All over England these rebellions were going on. But none was more than partly successful; and for the reason that ‘Englishmen could not agree to act together. One district rose at one time and one at another. Some were for Sweyn, some for Edgar, some for the sons of Harold; Edwin and Morcar were for themselves. So there was no common action against William, and the land was lost bit by bit.’

In the autumn of 1069 it seemed as if there really was to be made in the North of England a united effort to throw off the yoke of the Frenchmen. Sweyn Ulfsson, King of Denmark, sent a large fleet of ships into the Humber under the command of Jarl Asbiorn, his brother.
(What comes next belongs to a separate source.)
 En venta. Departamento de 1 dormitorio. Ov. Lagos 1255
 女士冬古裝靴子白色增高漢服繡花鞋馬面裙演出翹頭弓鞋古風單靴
Outside the walls of York the Danish shipmen were joined by Edgar the Aetheling, by Gospatric, the dispossessed successor of Oswulf, and by Jarl Waltheof, Siward’s son.
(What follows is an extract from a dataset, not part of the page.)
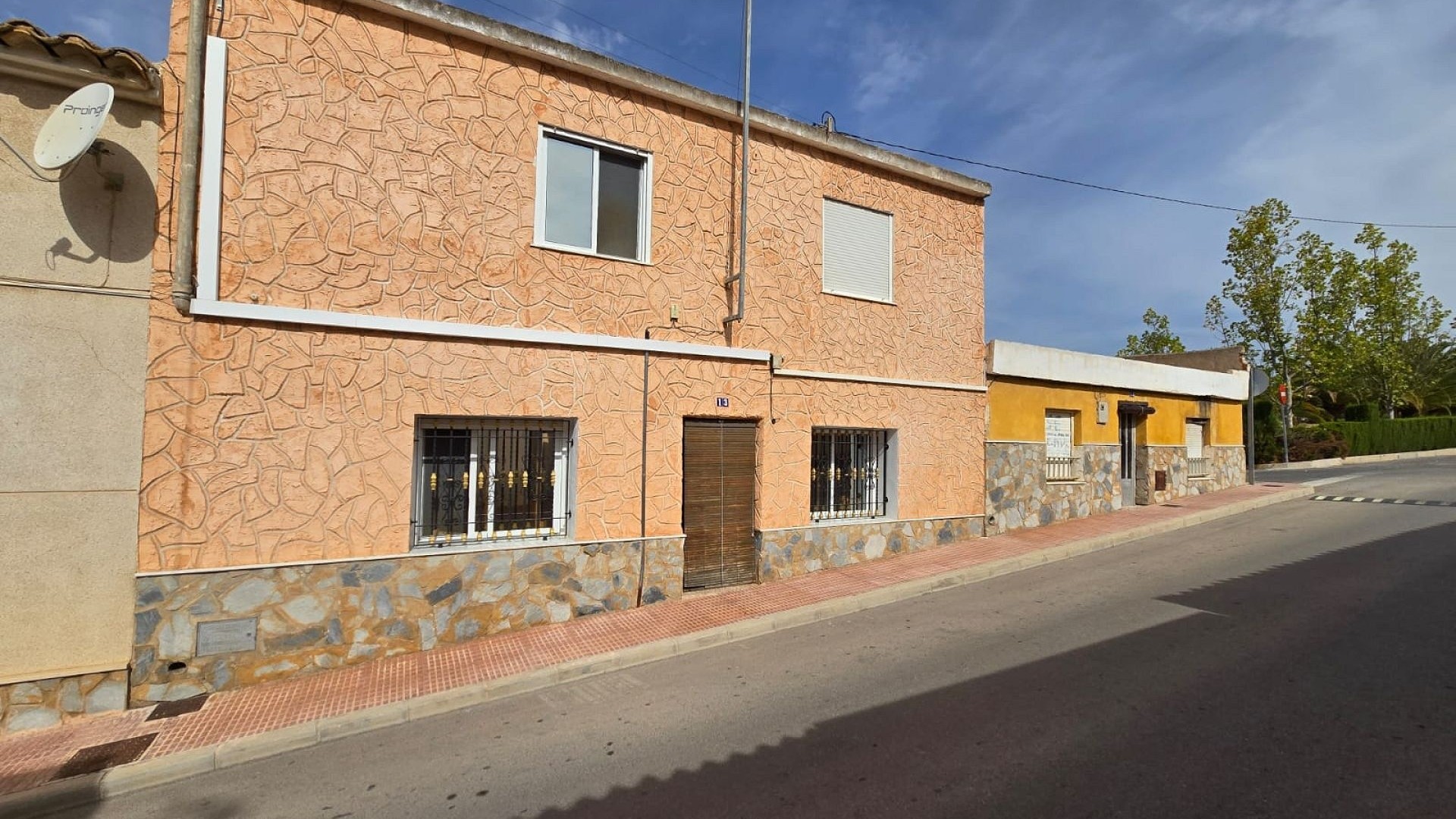 Resale - Stadthaus -
SAX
Then began a second siege of York. The French garrison, under William de Malet and Gilbert of Gaunt, retreated to the two wooden castles which William had caused to be erected, and set fire to the portions of the city surrounding these in order to give themselves greater security. For two days the flames raged, destroying many houses and the Minster of St. Peter. Meanwhile the allies entered the city. Then the Normans attempted a sally from their castles, but unsuccessfully. Their forces were cut to pieces, and William de Malet and Gilbert of Gaunt were taken prisoners.

So far all had gone well with the armies of Jarl Asbiorn and Jarl Waltheof, and had they only held the city when taken and awaited the arrival of King William, they would have had every chance of repeating their success. But a fatal dissension once more broke out, and Asbiorn’s men went back to their ships and sailed first to North Lincolnshire and then to Holderness, while Waltheof withdrew his men to the marshes between the Trent and the Ouse.
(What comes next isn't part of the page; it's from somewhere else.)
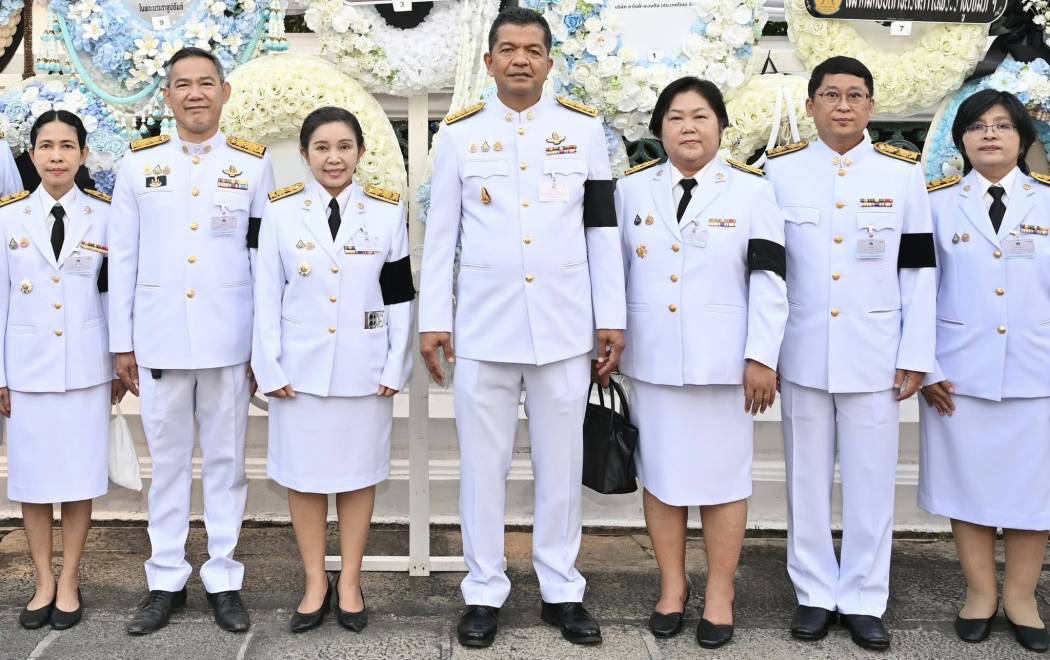 สสช.ร่วมเข้าเฝ้าฯ ในพระพิธีธรรมสวดพระอภิธรรมพระบรมศพ สมเด็จพระนางเจ้าสิริกิติ์ พระบรมราชินีนาถ พระบรมราชชนนีพันปีหลวง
For the third time King William marched north to York; and this time he determined on vengeance. ‘Par splendeur Dex,’ he swore that he would utterly root out the Northumbrian people; and in fulfilment of his oath he carried out that ‘Wasting of the North’ which changed the fertile Plain of York into a desolate waste. For sixty miles north of York every town and village was sacked and burnt, every inhabitant slain or driven out, all farming-stock and farming-implements destroyed, and nothing spared save only what belonged to St. John of Beverley. Then, having wreaked his revenge, William caused himself to be re-crowned at York, and there he kept his Christmas feast.


The system followed out by William the Conqueror after his subjugation of a district was everywhere the same. Lands were taken from their English owners and given to the King’s Norman followers, while strong castles were built to afford protection to the Norman lords.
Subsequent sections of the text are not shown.